» **Exercise details**
An exact reproduction of the data below is expected, free of images.

» **Data extract**

++++++

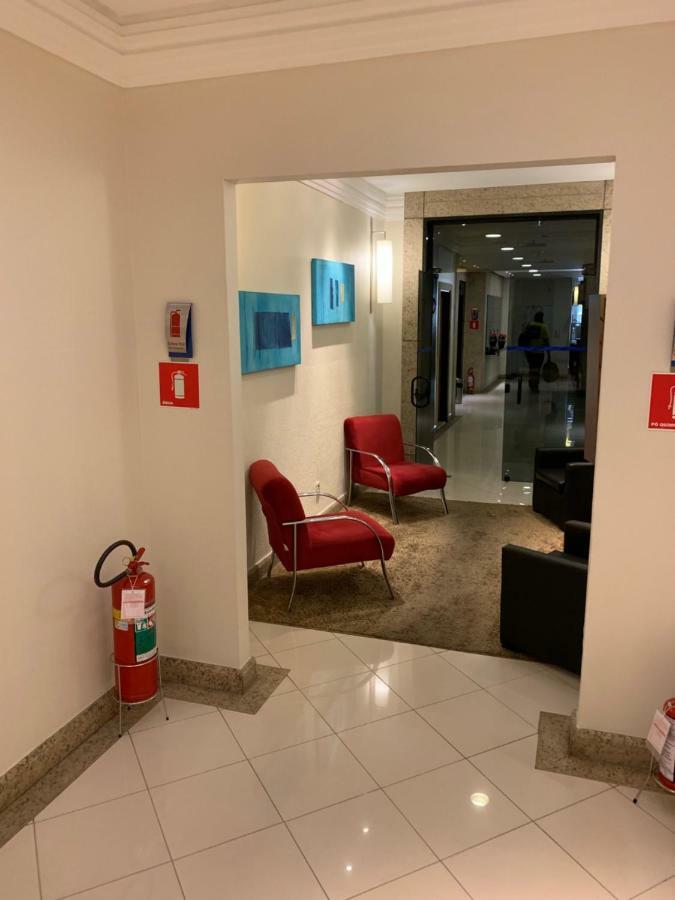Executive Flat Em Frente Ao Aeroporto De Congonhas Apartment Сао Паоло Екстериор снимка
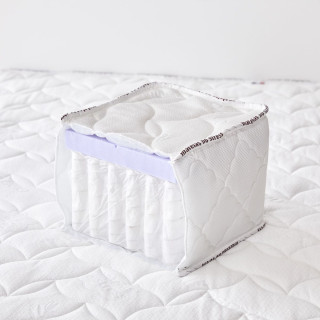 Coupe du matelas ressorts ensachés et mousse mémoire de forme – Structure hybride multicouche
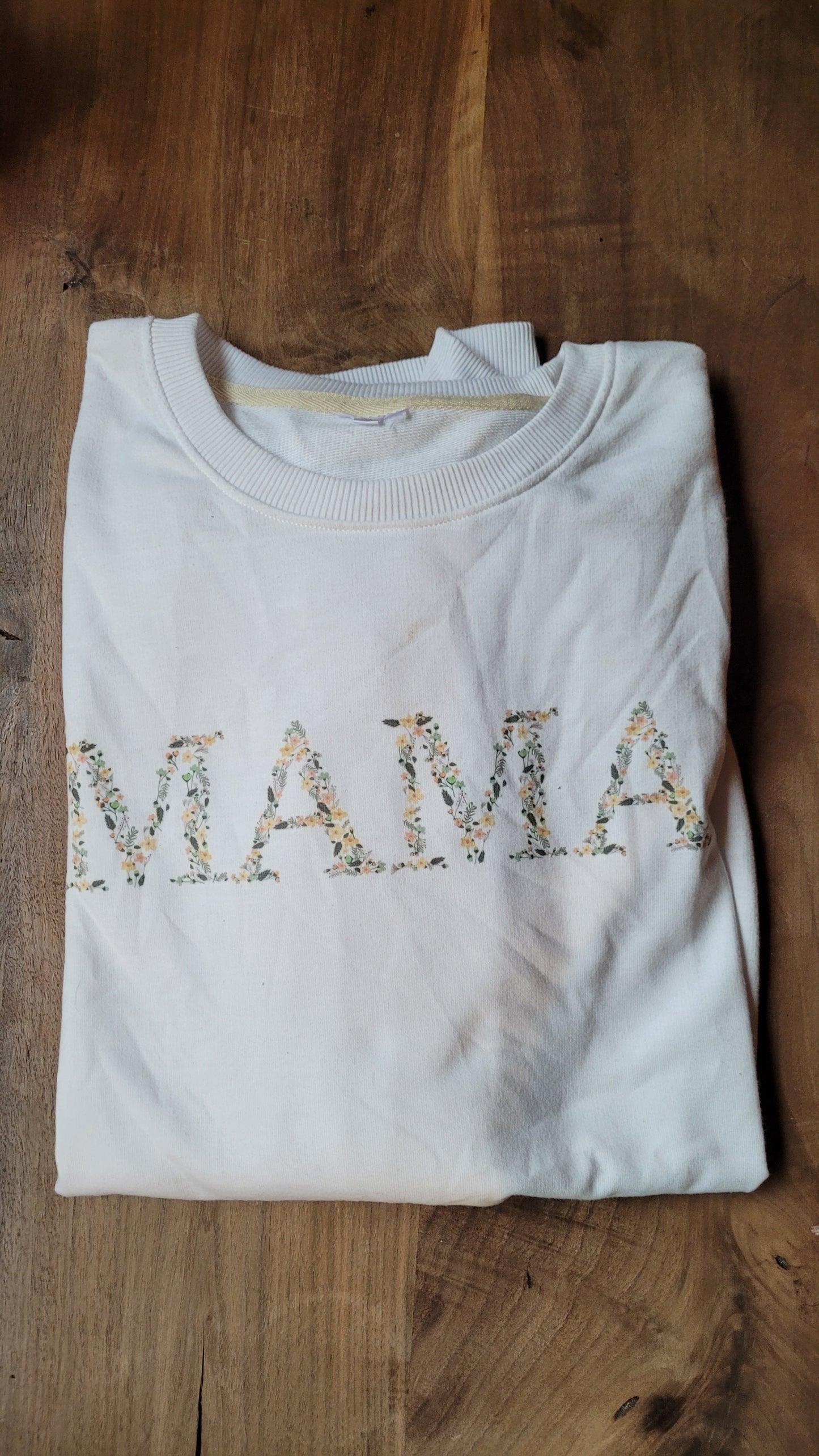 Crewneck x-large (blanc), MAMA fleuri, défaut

++++++

» **Exercise solution**
Executive Flat Em Frente Ao Aeroporto De Congonhas Apartment Сао Паоло Екстериор снимка
 Coupe du matelas ressorts ensachés et mousse mémoire de forme – Structure hybride multicouche
 Crewneck x-large (blanc), MAMA fleuri, défaut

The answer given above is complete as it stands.